(Pictures with short captions)
━━━━━━━━━━━━━━━━━━━━━━━━━━━━━━

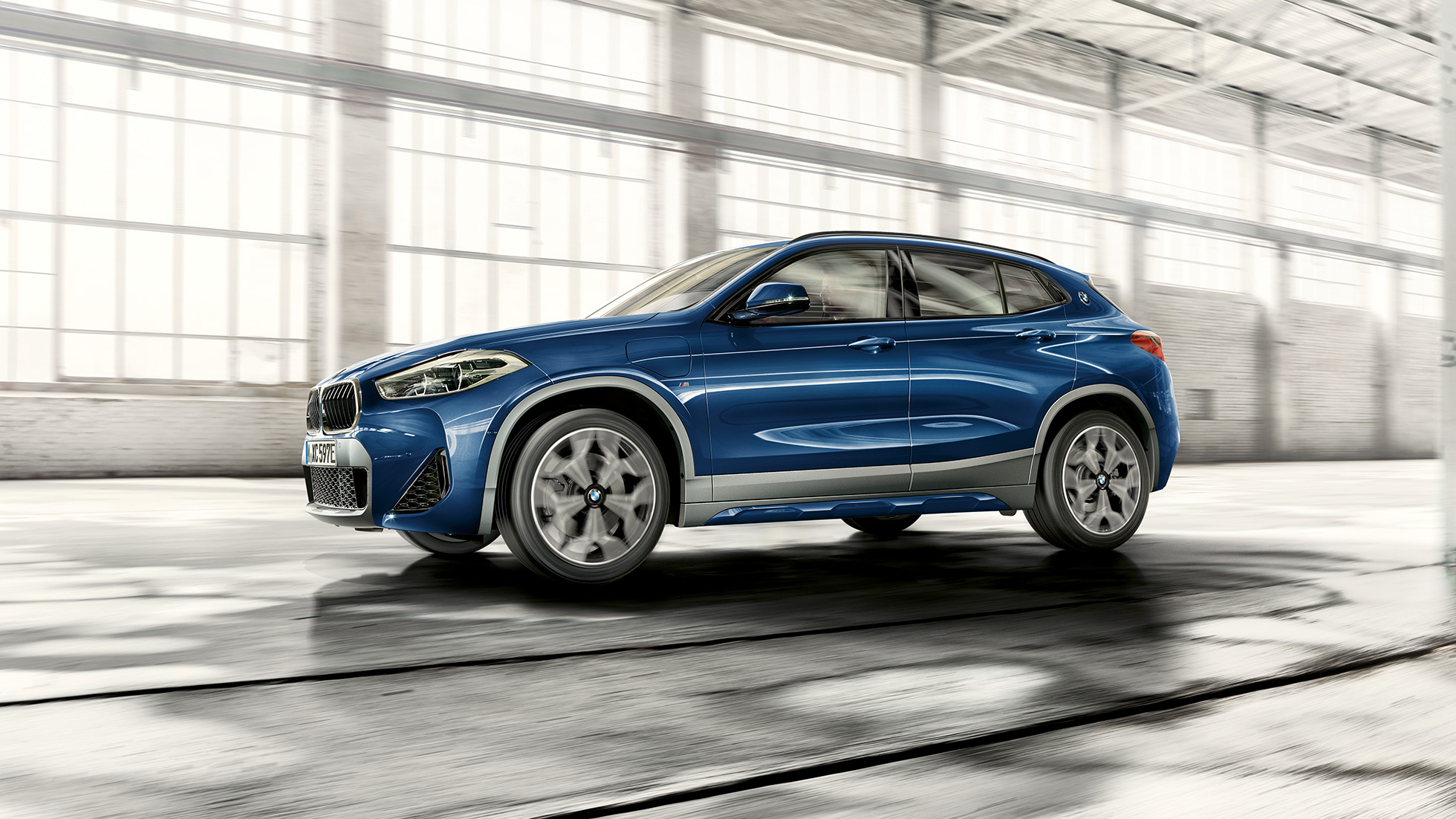 Vue avant BMW X2 xDrive25e Plug-in Hybrid F39 BMW X2 xDrive25e Plug-in Hybrid 2020 F39 Vue avant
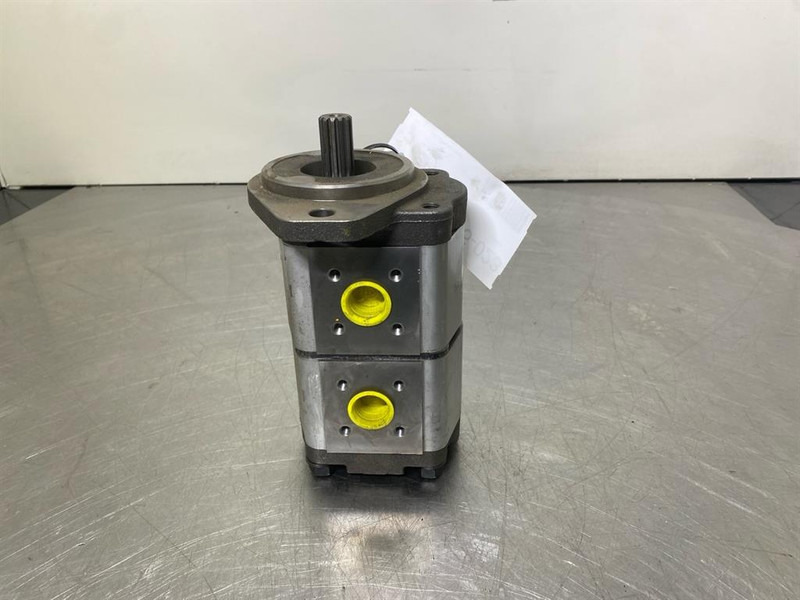 Parker 3339121195 - Gearpump/Zahnradpumpe/Tandwielpomp - Hydraulique pour Engins de chantier: photos 1 Parker 3339121195 - Gearpump/Zahnradpumpe/Tandwielpomp - Hydraulique pour Engins de chantier: photos 1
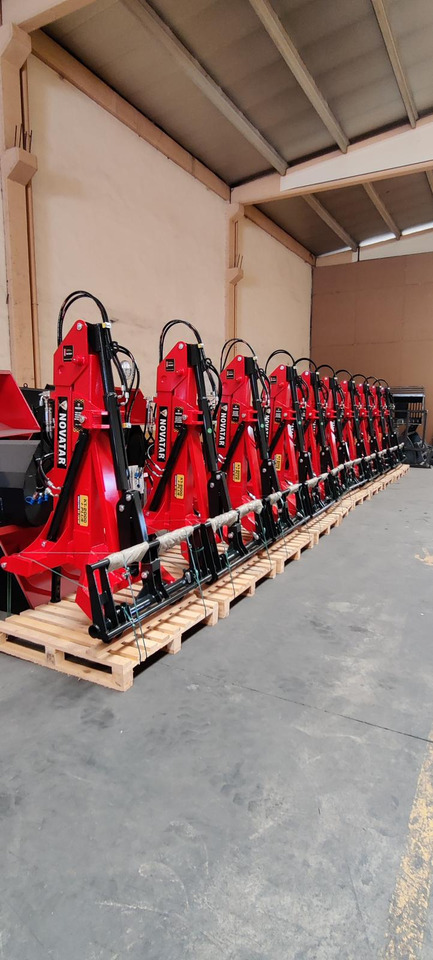 טרקטור חקלאי Novatar Tractor Rear Loader: תמונה 6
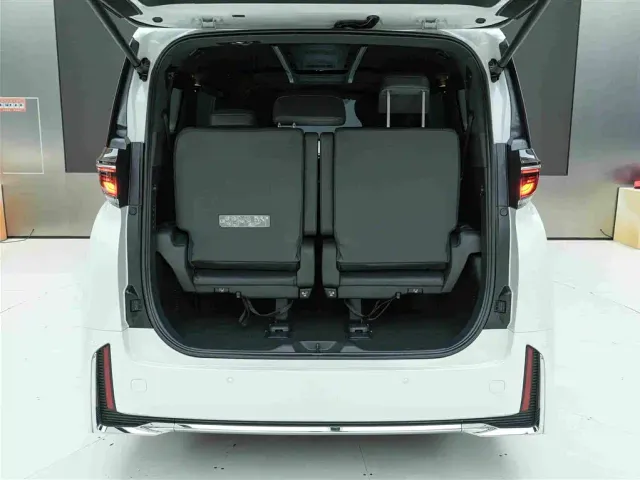 Toyota Vellfire — Фото автомобиля 26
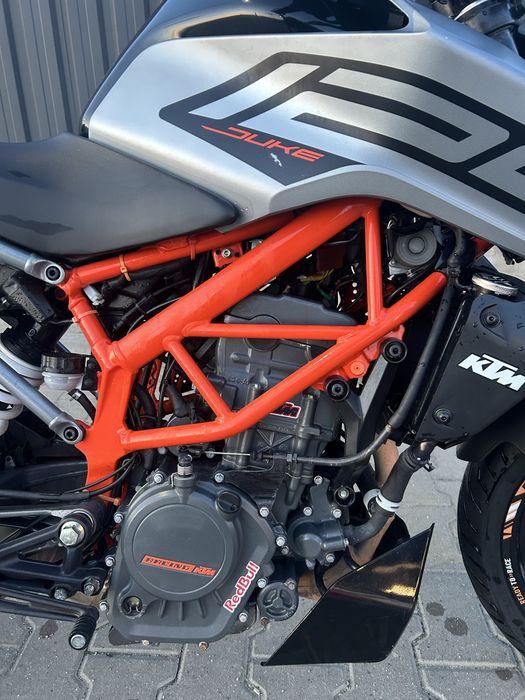 Ktm duke 125 2021 A1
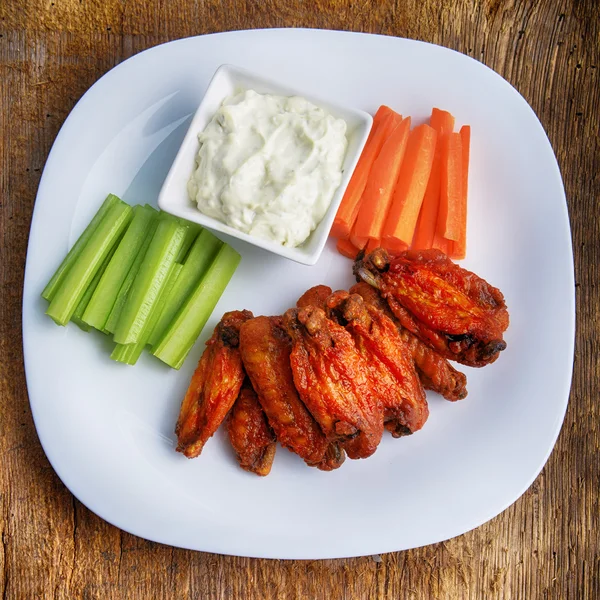 Ali di pollo con sedano e carota — Foto Stock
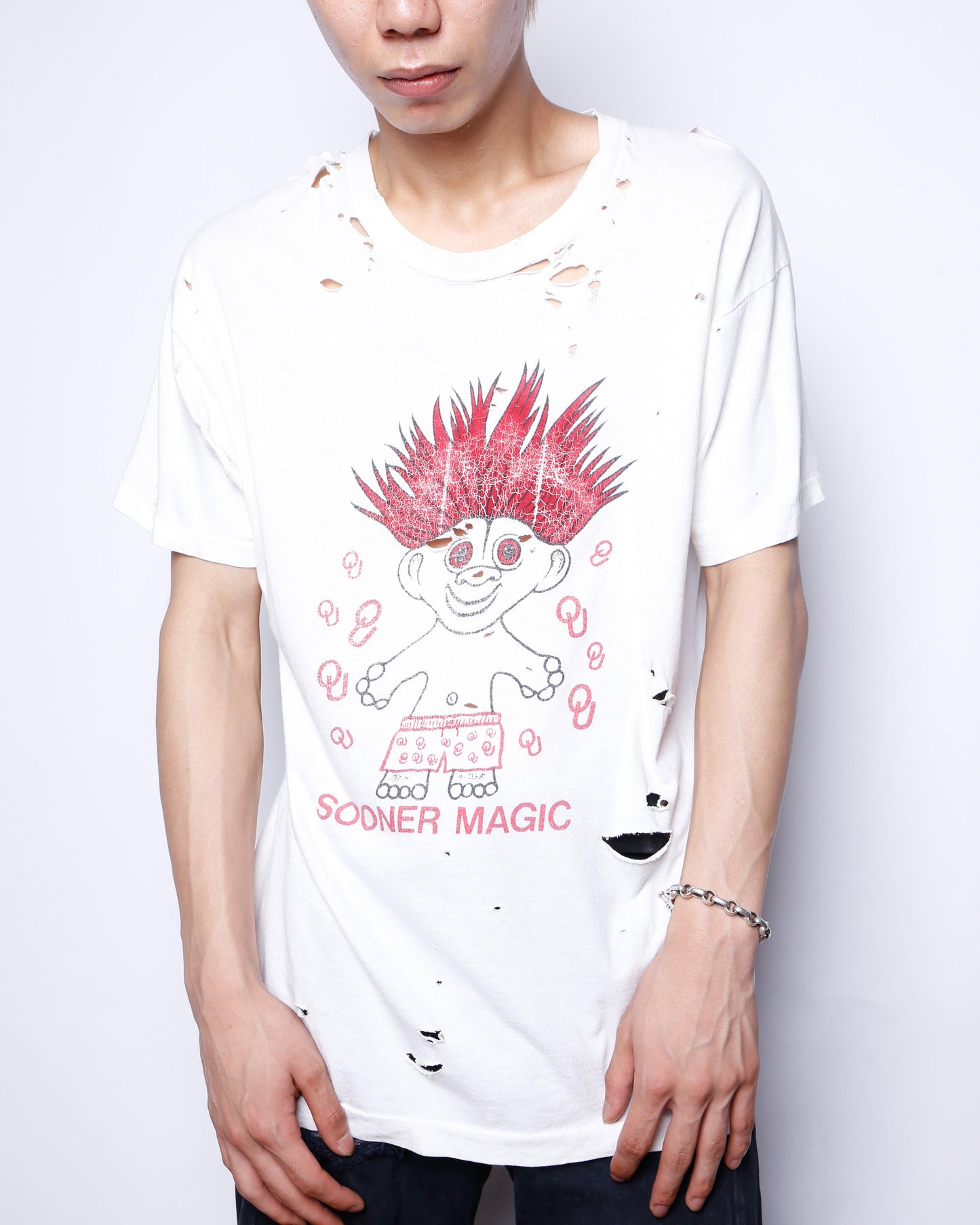 vintage 90's troll doll broken t-shirt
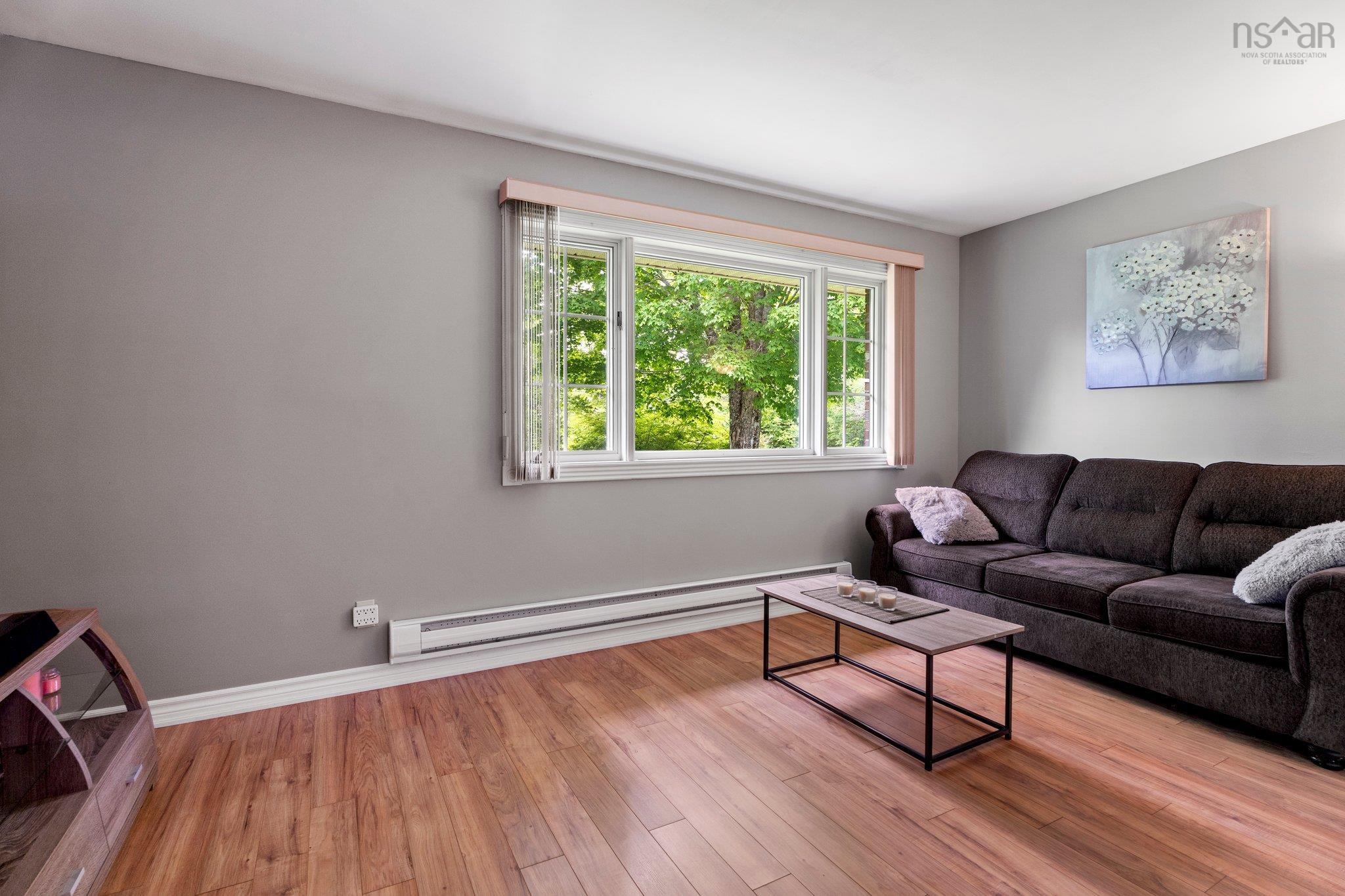 $499,900.00: 193 Glen Road, Mclellans Brook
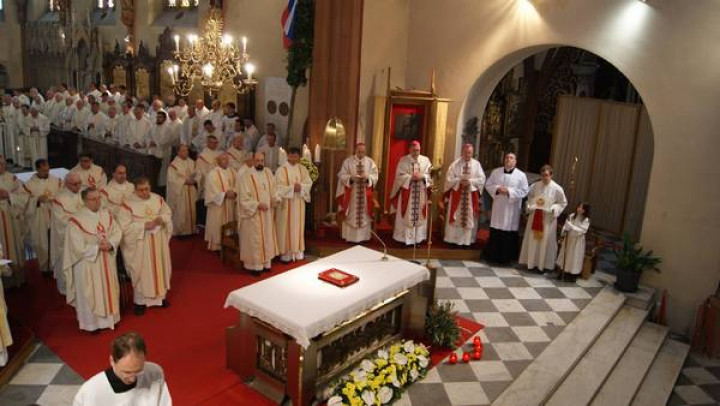 Duhovniki z nadškofom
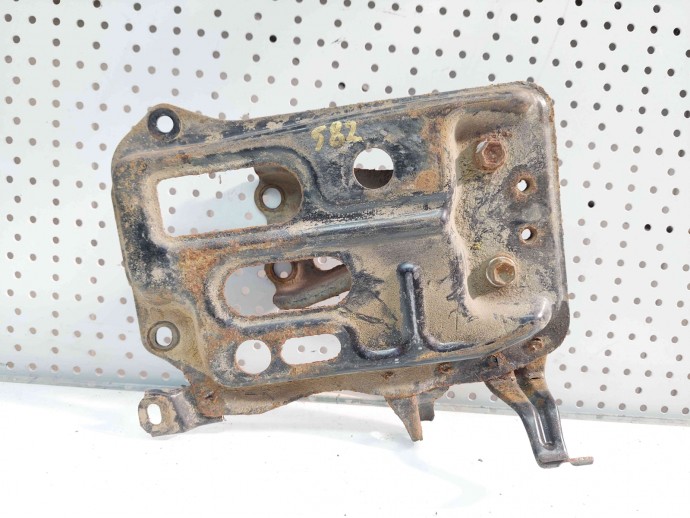 Suport baterie Toyota Auris (E15) [Fabr 2006-2012] OEM 1.4 D 1ND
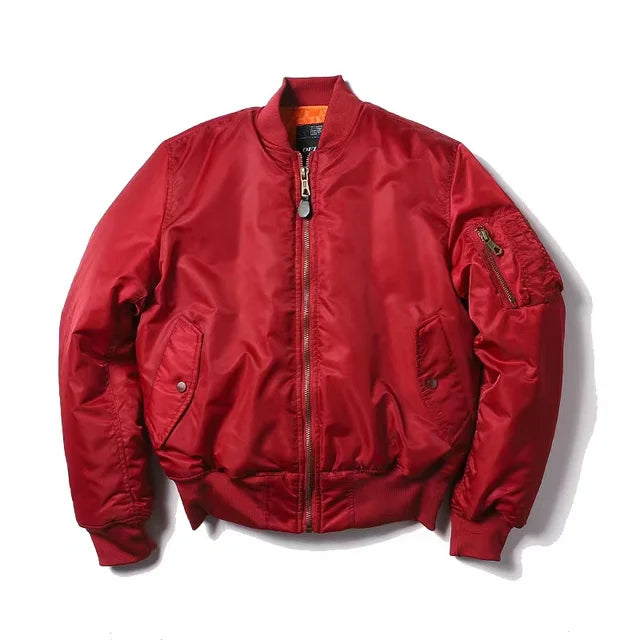 "Stoer zwart nylon bomberjack voor dames, winddicht en waterafstotend met klassieke MA-1 pilotenstijl en geribbelde details."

━━━━━━━━━━━━━━━━━━━━━━━━━━━━━━

* [WHAT YOU ARE ASKED TO DO] All that should appear in the answer is the lines above from the line with "Toyota Vellfire — Фото автомобиля 26" through the line with "Suport baterie Toyota", retyped exactly, pictures left out.

* [RESPONSE BOX]
 Toyota Vellfire — Фото автомобиля 26
 Ktm duke 125 2021 A1
 Ali di pollo con sedano e carota — Foto Stock
 vintage 90's troll doll broken t-shirt
 $499,900.00: 193 Glen Road, Mclellans Brook
 Duhovniki z nadškofom
 Suport baterie Toyota Auris (E15) [Fabr 2006-2012] OEM 1.4 D 1ND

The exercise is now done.